Citalopram for major depressive disorder in adults: a systematic review and meta-analysis of published placebo-controlled trials

  1. Alex Apler
  1. Department of Psychiatry, Park House, Liverpool Hospital, Liverpool, New South Wales, Australia
  1. Correspondence to Dr Alex Apler; alexapler{at}gmail.com
  • Received 25 February 2011
  • Accepted 11 July 2011
  • Published 6 September 2011

Abstract

Objective To assess the effectiveness of citalopram for major depressive disorder (MDD) in adults, in a systematic review of all published, randomised, double-blind studies comparing it with a placebo.

Data sources Cochrane Central Register of Controlled Trials, Medline, PsychINFO and Embase.

Study selection Randomised, double-blind, placebo-controlled studies of citalopram in adults with MDD were included. Studies with medically ill or treatment resistant subjects were excluded, as were studies of relapse prevention. Remission of MDD was defined as a primary outcome, and response or change from baseline scores were defined as secondary.

Data extraction Remission, response and symptom improvement scores on the Hamilton Depression Scale, Montgomery–Asberg Depression Rating Scale and Clinical Global Impressions-Severity scales were extracted. A random-effects meta-analysis was carried out on the response rates and symptom improvement scores. Included studies were examined for the presence of bias and small study effects.

Results Eight studies (n=2025) met the inclusion criteria. Two studies provided data on remission, but only one of these showed a significant difference between citalopram and placebo (RR=1.59, 95% CI 1.10 to 2.31). Meta-analysis of response rates in five studies (n=1010) revealed significant superiority of citalopram (RR=1.42, 95% CI 1.17 to 1.73). Meta-analysis of change from baseline scores in five studies (n=1541) gave a standardised mean difference (Hedges' g) of −0.27 (95% CI −0.38 to to −0.16), showing a reduction in MDD symptoms to be significant for citalopram relative to placebo. There was no evidence of any significant small study effects. The overall quality of reporting was poor, with insufficient information on the methodology or outcomes. Seven studies received industry sponsorship.

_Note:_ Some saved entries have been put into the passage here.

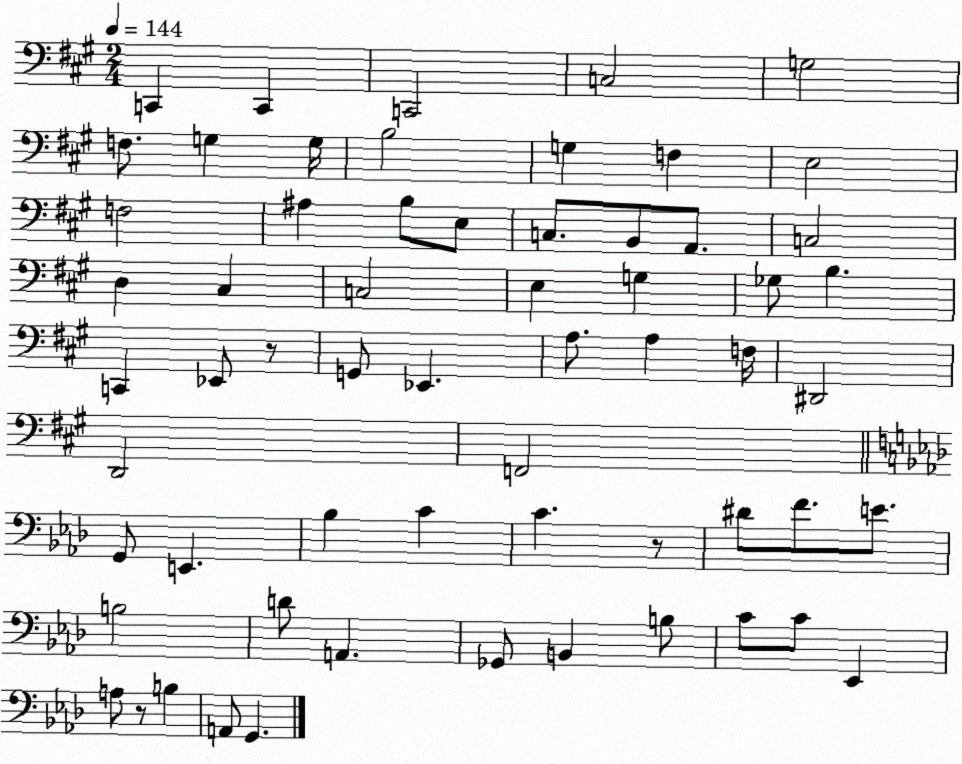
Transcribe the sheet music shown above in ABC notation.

X:1
T:Untitled
M:2/4
L:1/4
K:A
C,, C,, C,,2 C,2 G,2 F,/2 G, G,/4 B,2 G, F, E,2 F,2 ^A, B,/2 E,/2 C,/2 B,,/2 A,,/2 C,2 D, ^C, C,2 E, G, _G,/2 B, C,, _E,,/2 z/2 G,,/2 _E,, A,/2 A, F,/4 ^D,,2 D,,2 F,,2 G,,/2 E,, _B, C C z/2 ^D/2 F/2 E/2 B,2 D/2 A,, _G,,/2 B,, B,/2 C/2 C/2 _E,, A,/2 z/2 B, A,,/2 G,, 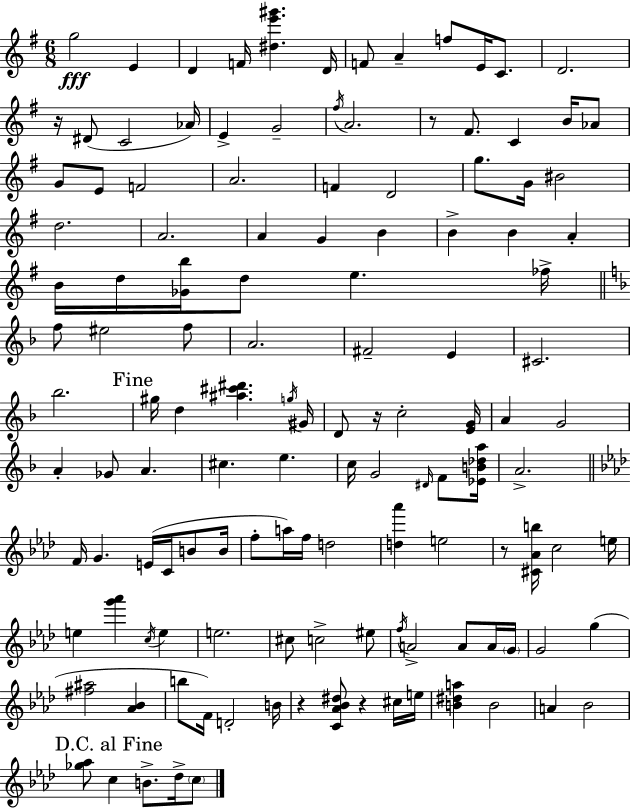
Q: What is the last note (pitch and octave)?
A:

Conclusions Data concerning remission rates for citalopram, relative to placebo, are inconclusive. Response rates and symptom reduction scores in citalopram-treated patients with MDD are significantly better relative to placebo treatment, according to a meta-analysis of published reports. Evaluation of unpublished data is necessary to assess more definitively the effectiveness of citalopram for MDD.

Footnotes

  • Correction notice The “To cite: …” information and running footer in this article have been updated with the correct volume number (volume 1).

  • To cite: Apler A. Citalopram for major depressive disorder in adults: a systematic review and meta-analysis of published placebo-controlled trials. BMJ Open 2011;1:e000106. doi:10.1136/bmjopen-2011-000106

  • Funding This study was supported by New South Wales Institute of Psychiatry.

  • Competing interests None.

  • Provenance and peer review Not commissioned; externally peer reviewed.

  • Data sharing statement The technical appendix is available from the corresponding author at alexapler{at}gmail.com.